VIII Libertés et droits fondamentaux A - Principes
Les droits et libertés fondamentaux comprennent en
particulier :
- la liberté d'expression,
- le droit à l'information,
- la liberté individuelle,
- la liberté de réunion, même virtuelle,
- la protection de la vie privée, y compris à
l'égard des moyens de traitement automatisés des données
et le droit à l'image,
- le secret de la correspondance,
- le droit de propriété, y compris
intellectuelle.
B - Engagements spécifiques
1. Mesures générales
Le Fournisseur d'accès informera ses clients des
principaux risques inhérents à l'utilisation de l'Internet
relatifs à la violation du secret des correspondances et des
données nominatives et personnelles.
Le Conseil de l'Internet tiendra à la disposition du
public des indications relatives aux mesures et produits destinés
à garantir la confidentialité et l'intégrité de
leurs correspondances et informations (en particulier pour ce qui concerne les
moyens de cryptologie ayant reçu les autorisations requises).
2. Secret des correspondances La correspondance privée
échangée sur Internet est soumise au secret.

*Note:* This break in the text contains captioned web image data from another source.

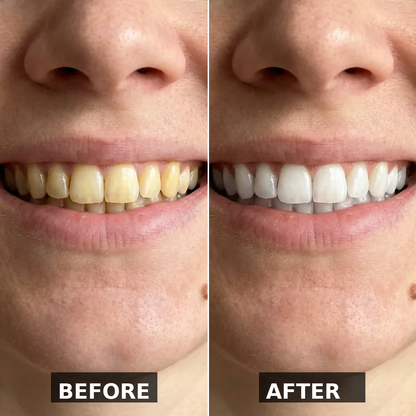 JustSmile Teeth Whitening Kit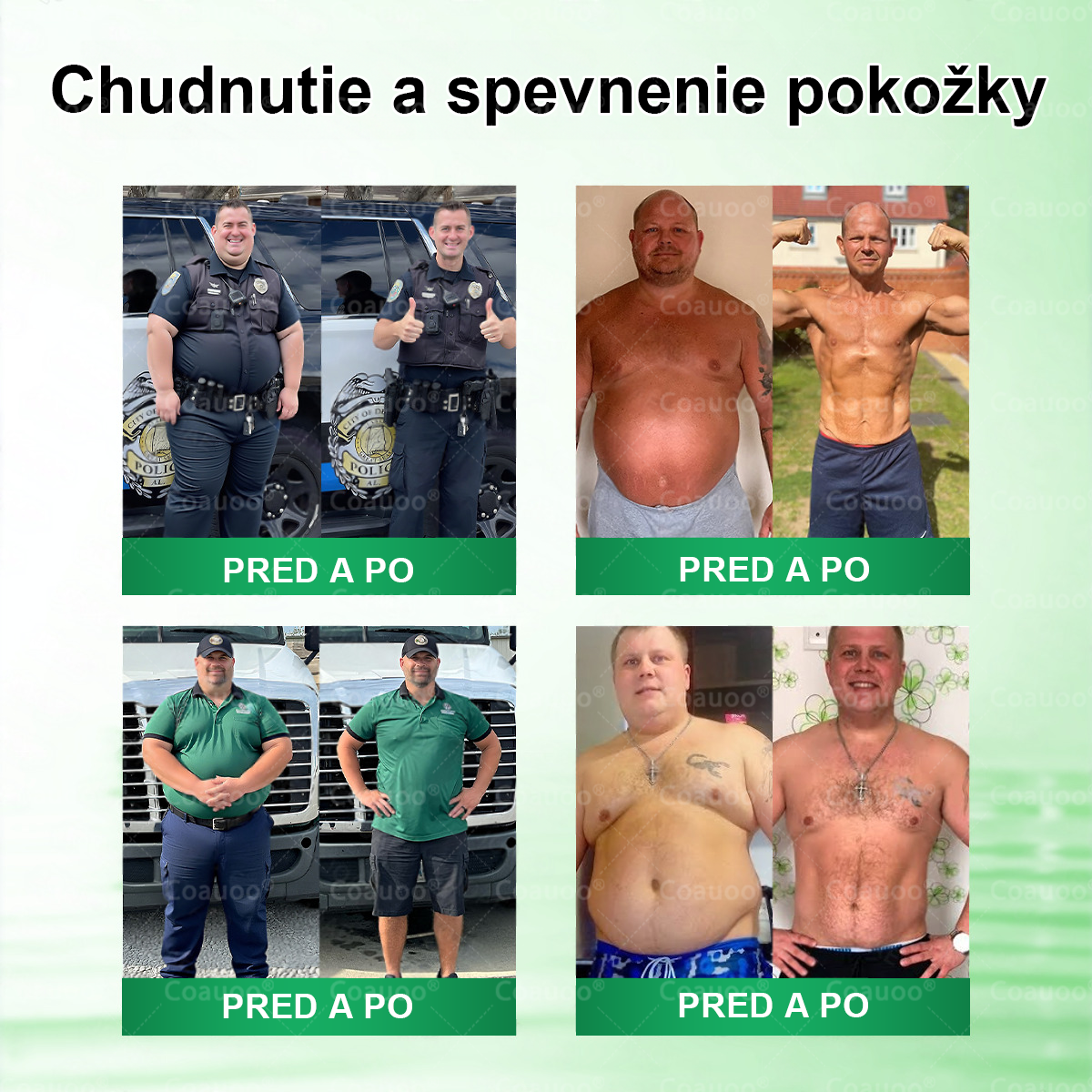 🔥 𝐂𝐨𝐚𝐮𝐨𝐨® Moringa × Berberín × AMPK 10-v-1 Metabolická podpora – nanomikroihlová náplasť (Stačí raz denne, viditeľné výsledky už za 7 dní)  ✅ Na obezitu, ochabnutú pokožku, cukrovku, spánkové apnoe, problémy s kĺbmi a mnohé ďalšie ťažkosti 🔥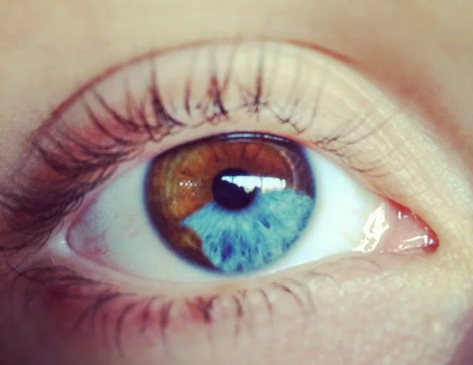 Разный цвет глаз у одного человека это болезнь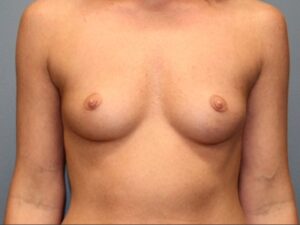Breast Augmentation - Case 3698 - Before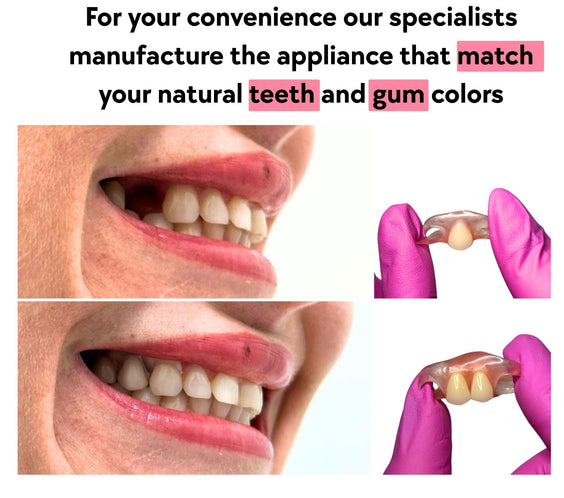 Semi flex flipper blends with your gums and matches your teeth color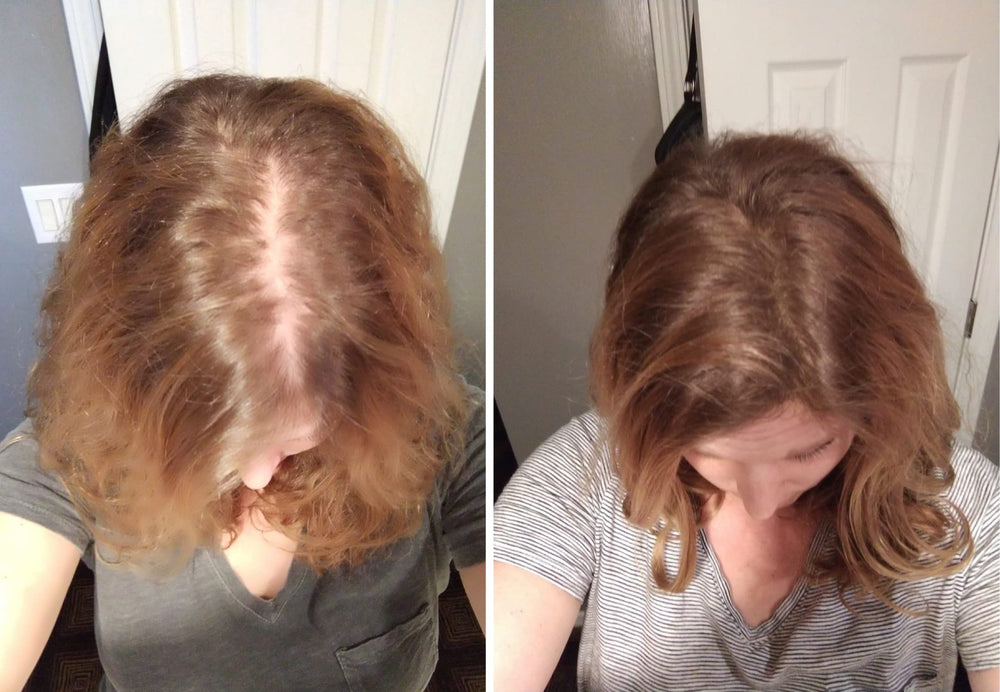 Caboki thinning-area-before image highlights sparse hair on crown.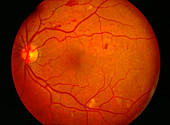 Eye inflammation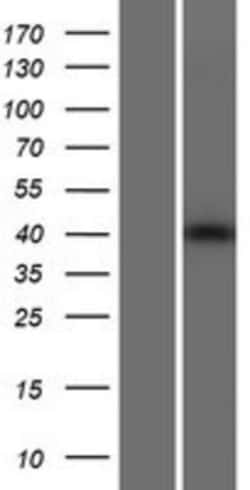 Novus Biologicals&trade;&nbsp;TDRD10 Overexpression Lysate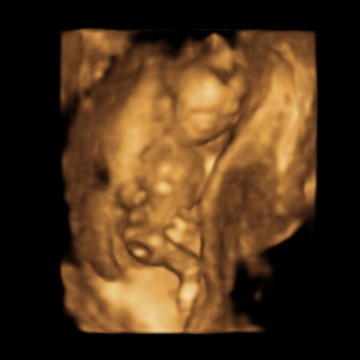 si dede aktif banget?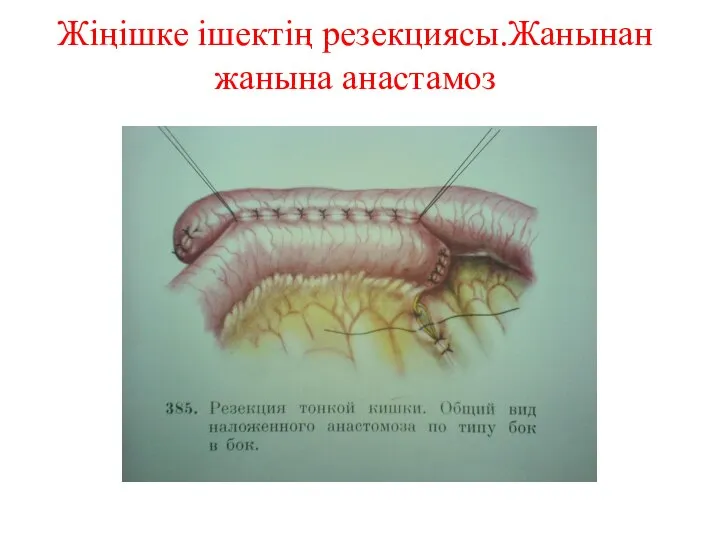 Жіңішке ішектің резекциясы.Жанынан жанына анастамоз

Les employeurs de personnel accédant aux ordinateurs
connectés ou aux éléments du réseau traitant cette
correspondance s'engagent à se soumettre et à soumettre leurs
employés à une obligation de secret quant aux correspondances
privées dont ils pourraient avoir connaissance à l'occasion de
leurs missions et à attirer leur attention sur les risques de sanctions
pénales, en cas de viol de ce secret.
3. Protection de la vie privée
Sur l'Internet, les Utilisateurs et les personnes physiques ont
le droit de préserver, vis à vis des autres Utilisateurs,
l'anonymat protégeant leur vie privée.
Cet anonymat pourra être assuré par l'utilisation de
services de relais d'anonymat tant pour le Courrier électronique et la
Mise à disposition de Contenu que pour l'accès à des
Contenus.
Ces services doivent assurer et conserver les moyens de contacter
les personnes qui y recourent sur la base des adresses électroniques
anonymes.
Les codes, dates et heures d'accès à l'Internet
peuvent toutefois faire l'objet d'une sauvegarde par le Fournisseur
d'accès afin de permettre la protection des utilisateurs du
réseau contre les intrusions.
Le traitement automatisé d'informations nominatives par
les Acteurs de l'Internet sera soumis dans tous les cas au strict respect des
obligations prévues par les textes applicables (principes de
loyauté et de transparence, de respect des finalités, de
sécurité et de respect des droit d'accès, d'opposition et
de rectification) y compris à l'occasion de l'utilisation des "cookies"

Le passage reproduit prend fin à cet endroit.